Serif
- Parent company: OR Books
- Founded: 1992; 33 years ago
- Founder: Stephen Hayward (1954–2015)
- Country of origin: United Kingdom
- Headquarters location: London
- Distribution: Turnaround Publisher Services (UK) Wakefield Press (Australia) Argosy Books (Ireland) Interlink Publishing (US and Canada) Central Books (International)
- Publication types: Books
- Official website: www.serifbooks.co.uk

= Serif (publisher) =

Independent publishing company founded in 1992, based in London

Serif is an independent book publishing house based in London, UK, founded in 1992 by Stephen Hayward (1954–2015), who had previously been an editor with Lawrence & Wishart.
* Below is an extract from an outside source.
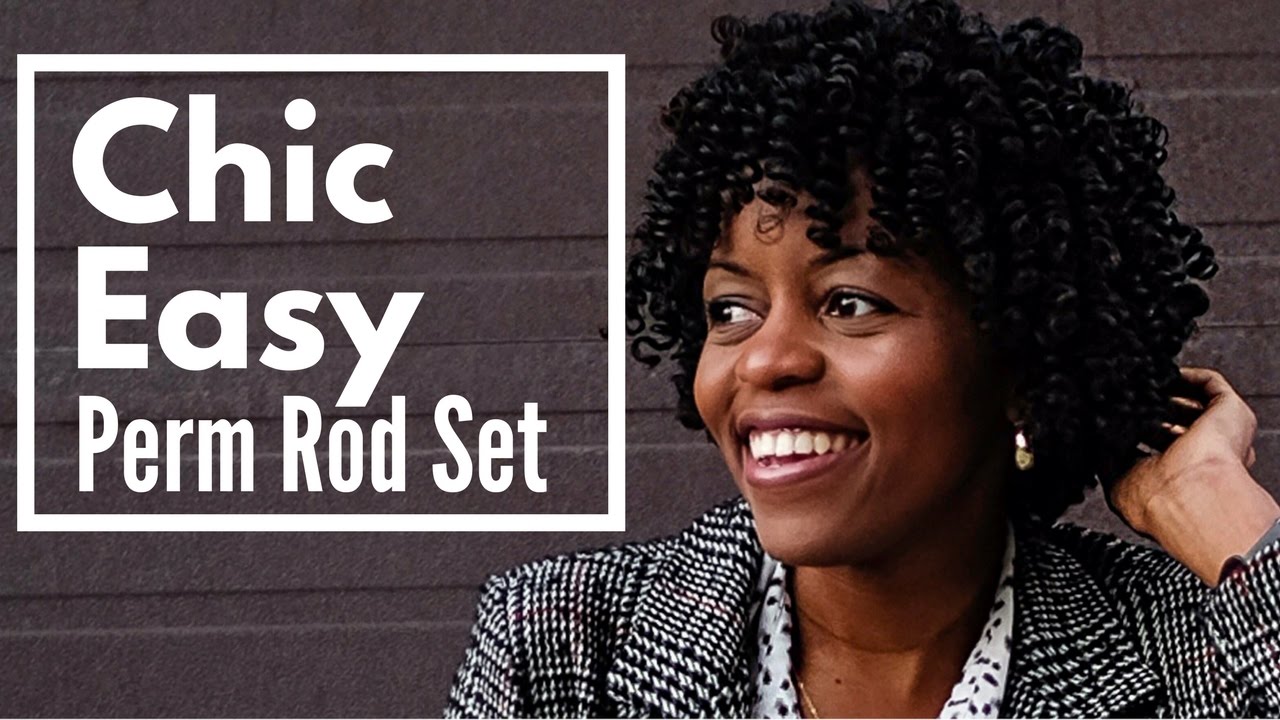 First Impressions: Natural Pudding Souffle Perm Rod Set | MissT1806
The company's list covers the subjects of history, politics, travel, culture and fiction, with book jackets — described as "works of art in themselves" — designed by Pentagram Berlin. Alongside original titles, reissues feature prominently in Serif's output, including Evelyn Waugh's 1932 account of his travels in Guiana and Brazil, 92 Days (with an afterword by Pauline Melville), George Dangerfield's The Strange Death of Liberal England, Norman Cohn's Warrant for Genocide, Jorge Semprún's The Cattle Truck, works by J. M. Synge, as well as significant cookery books such as The Alice B. Toklas Cookbook and the Glenfiddich Award-winning titles by Édouard de Pomiane, Cooking in Ten Minutes and Cooking with Pomiane. Among other authors published by Serif are Steve Aylett, Chitrita Banerji, Frances Bissell, Gerald Brenan, E. H. Carr, Nuruddin Farah, Chenjerai Hove, Federico García Lorca and George Rudé. Primarily a publisher of printed books, Serif began producing e-books in 2012.

==Acquisition by OR Books==
Subsequent to Stephen Hayward's death of a heart attack while on holiday in Almeria, Spain, in October 2015, it was announced in April 2016 that Serif had been acquired by OR Books, whose co-founder Colin Robinson said: "I knew Serif's founder and publisher, Stephen Hayward, over many years. I always admired his approach to publishing and share his commitment to progressive books. We're delighted to be able to bring the Serif list under OR's wing and aim to develop the imprint in the adventurous, lively spirit with which Stephen ran it."